_PROBLEM STATEMENT_
Only an exact copy is wanted: the lines from the one holding "Curly Bob with Textured Layers" through the last line below, minus the pictures.

_RECORDS SUPPLIED_
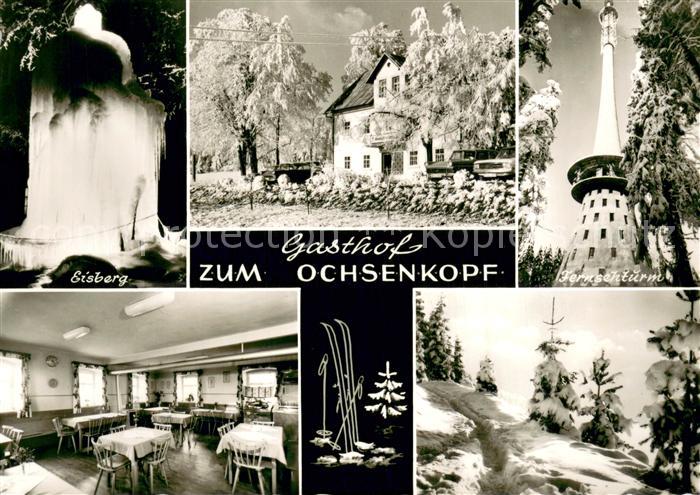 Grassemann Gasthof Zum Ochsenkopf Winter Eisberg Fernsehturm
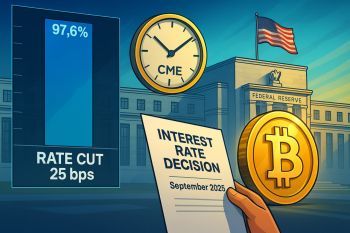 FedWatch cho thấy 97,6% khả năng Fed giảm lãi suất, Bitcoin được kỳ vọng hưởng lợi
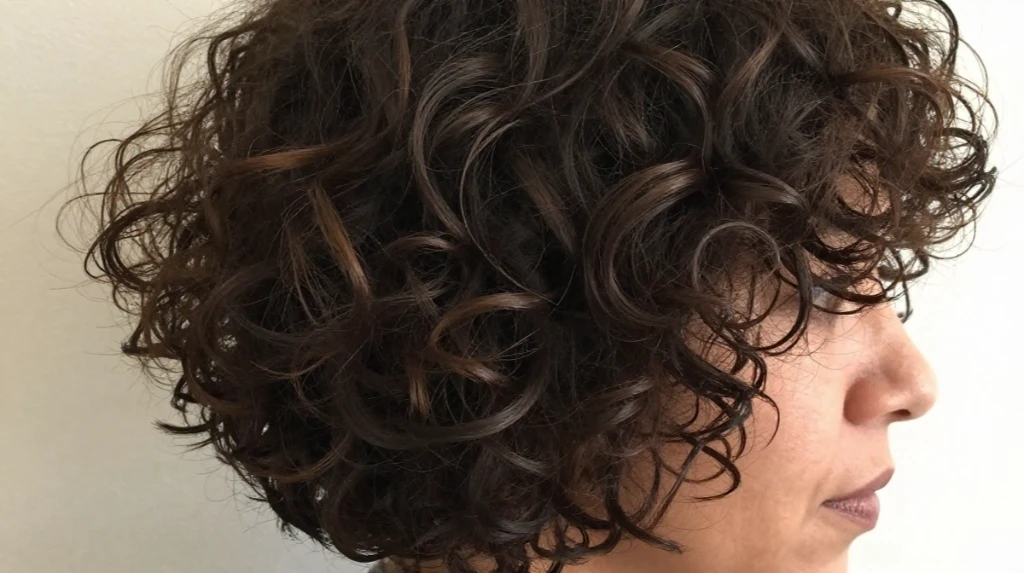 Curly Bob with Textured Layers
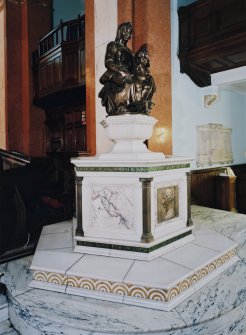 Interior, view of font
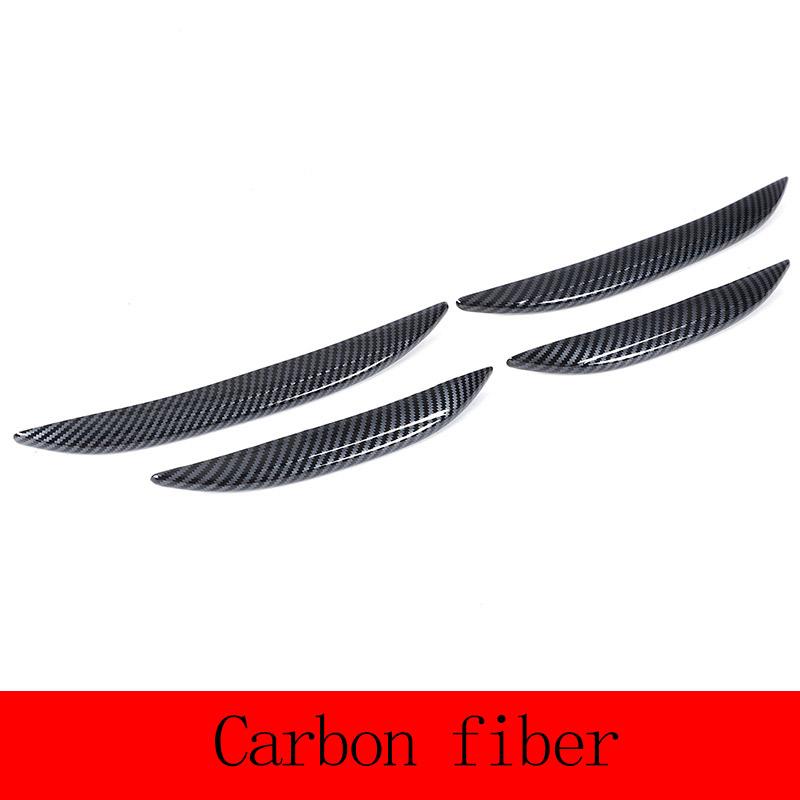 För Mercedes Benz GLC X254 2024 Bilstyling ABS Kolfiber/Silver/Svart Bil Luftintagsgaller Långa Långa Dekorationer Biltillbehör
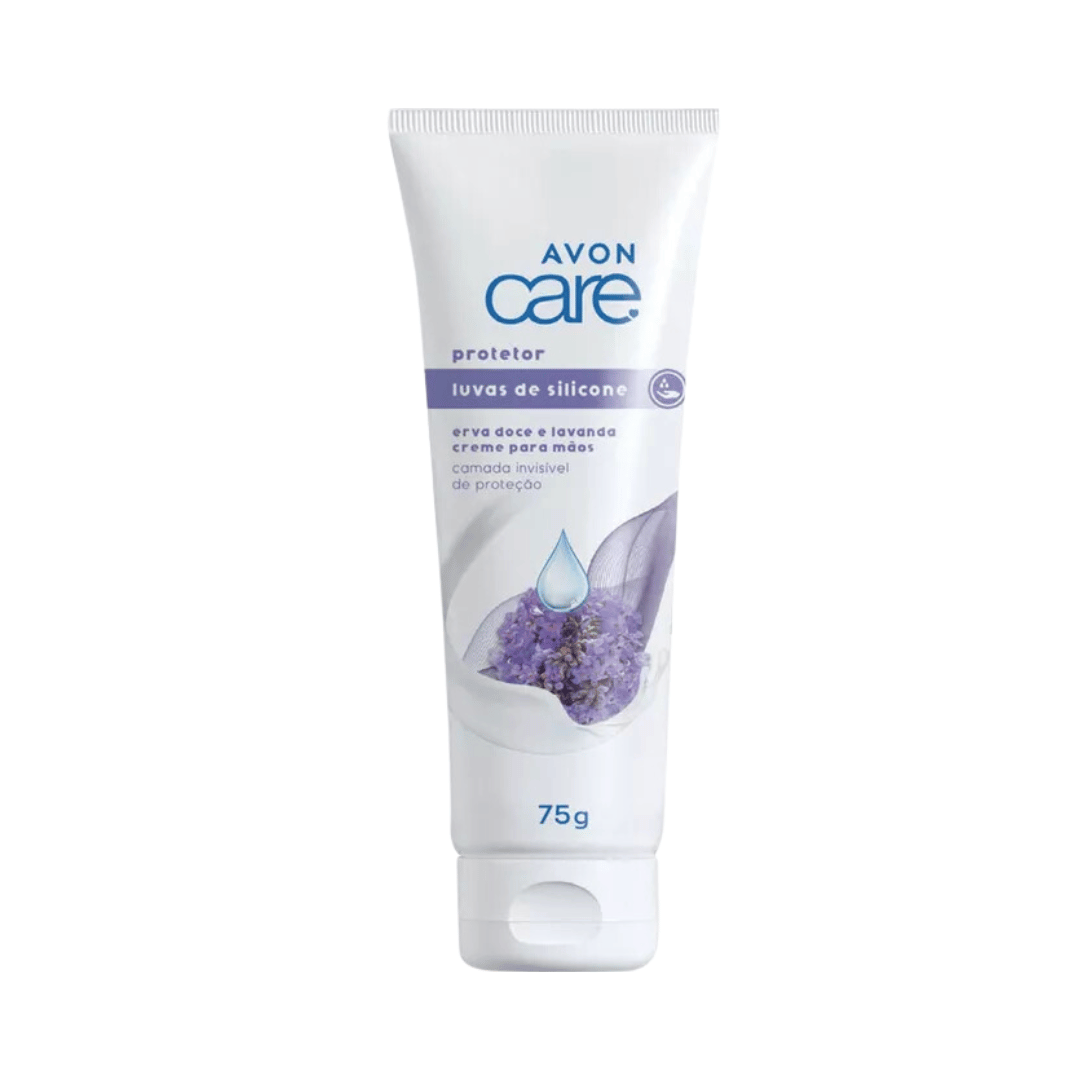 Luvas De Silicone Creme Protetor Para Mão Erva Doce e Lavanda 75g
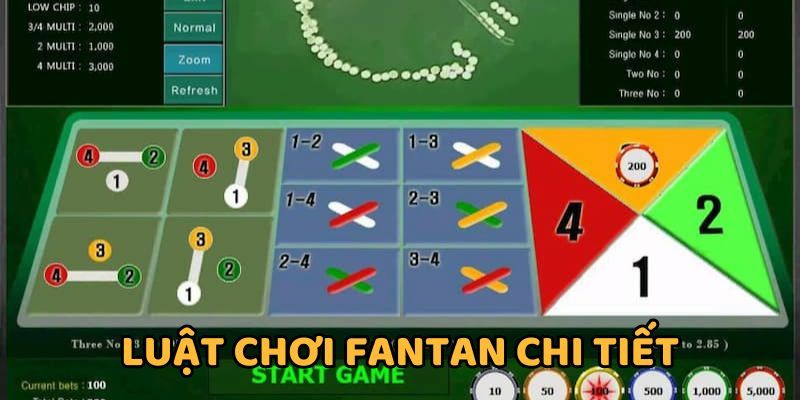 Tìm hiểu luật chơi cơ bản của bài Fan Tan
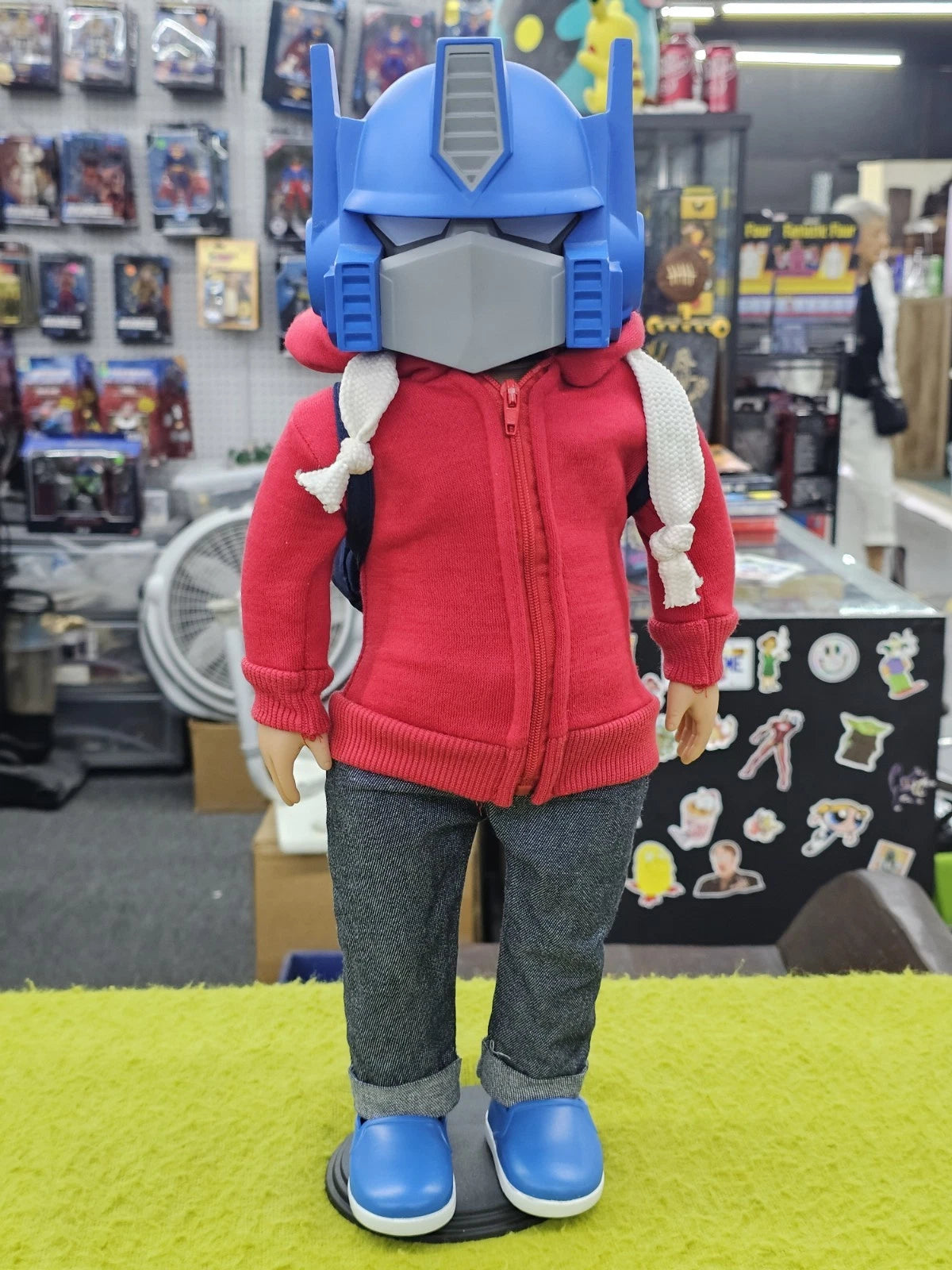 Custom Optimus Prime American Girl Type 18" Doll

_SOLUTION_
 Curly Bob with Textured Layers
 Interior, view of font
 För Mercedes Benz GLC X254 2024 Bilstyling ABS Kolfiber/Silver/Svart Bil Luftintagsgaller Långa Långa Dekorationer Biltillbehör
 Luvas De Silicone Creme Protetor Para Mão Erva Doce e Lavanda 75g
 Tìm hiểu luật chơi cơ bản của bài Fan Tan
 Custom Optimus Prime American Girl Type 18" Doll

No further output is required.